Object Tracking Examples
Overview
This document corresponds to the object tracking example folder within a VIAME desktop installation. Object tracking attempts to identify the same object across sequential frames in either video or image sequences. VIAME contains two broad categories of trackers:
Automatic multi-target trackers – link object detections across frames automatically
User-initialized trackers – track user-selected objects from a drawn box or point
Within each category, several algorithm implementations are available:
Automatic multi-target trackers:
SRNN (Structured RNN) – learned appearance + motion model based on LSTMs (typical default)

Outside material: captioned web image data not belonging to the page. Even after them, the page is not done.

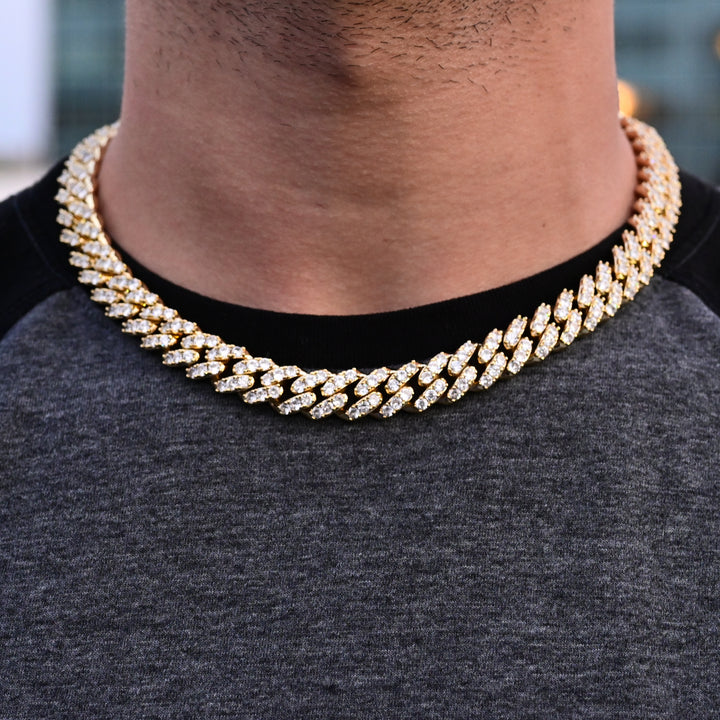 bussdown Diamond Cuban Chain (12mm) in Yellow Gold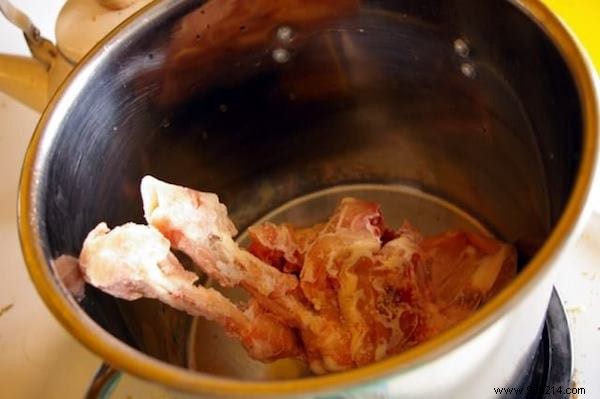 75 Proven Vinegar Uses: Expert Hacks for Cleaning, Health, Home, and More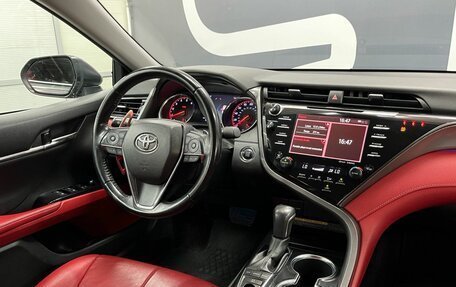 Toyota Camry, 2018 год, 2 449 900 рублей, 9 фотография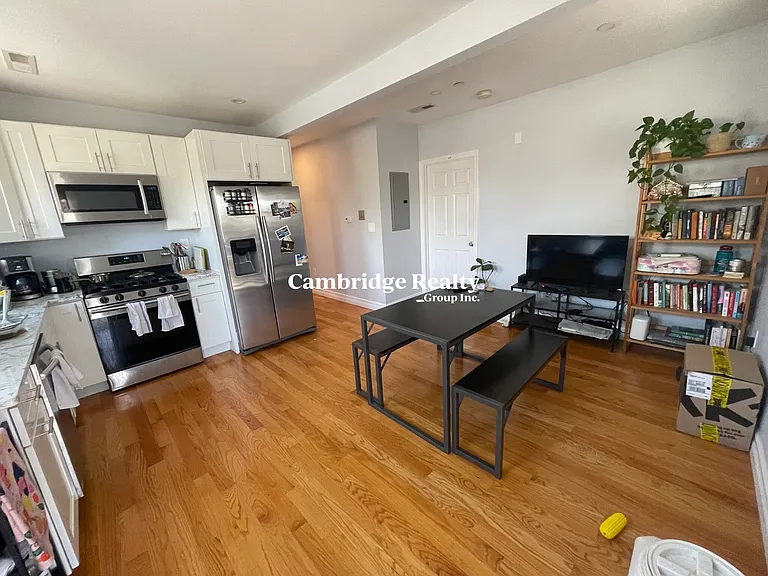 6 Durham St #3 — Photo 1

ByteTrack – IoU-based Kalman filter matching; lightweight, no GPU required
Stabilized IOU – homography-based image registration + IoU matching for moving cameras
SiamMask (MTT mode) – visual-similarity tracker auto-initialized from detections
User-initialized trackers (annotation-assist):
SiamMask (default) – fast Siamese network tracker initialized from a bounding box
SAM2 – Segment Anything Model 2, produces segmentation masks (requires add-on)
SAM3 – Segment Anything Model 3 with grounding DINO support (requires add-on)
Tracking can either be run from scripts, such as those contained within this example, or from one of the user interfaces within VIAME (e.g. DIVE, VIEW, SEAL). Several of the trackers above can be trained or tuned on domain-specific data – see the object tracker training examples for details. For trackers that link detections, the upstream detector can also be trained – see the object detector training examples.
In the DIVE interface, pipelines are organized into menu groups based on the first
word of the pipeline file name. Automatic multi-target trackers appear under the
Tracker menu (e.g. Tracker -> Generic Proposals for
tracker_generic_proposals.pipe). User-initialized trackers appear under the
Utilities menu (e.g. Utilities -> Track Selections Default Mask for
utility_track_selections_default_mask.pipe, Utilities -> Track Selections SAM2 for
utility_track_selections_sam2.pipe, etc.). In the VIEW interface, all pipelines
are available in the pipelines dropdown.
Automatic Multi-Target Trackers
Most multi-target trackers (MTT) link detections (produced by a separate detection algorithm) into tracks. Each detection on a given frame is either associated with an existing track or used to start a new one. For trackers that link detections, any of the detectors available in VIAME can be used upstream – see the object detection examples for details on the available detectors. Some MTT algorithms (such as SiamMask in multi-target mode) go further and generate their own detections on subsequent frames, only requiring detections for track initialization purposes. All MTT trackers expect a detection step upstream in the pipeline that produces per-frame detections.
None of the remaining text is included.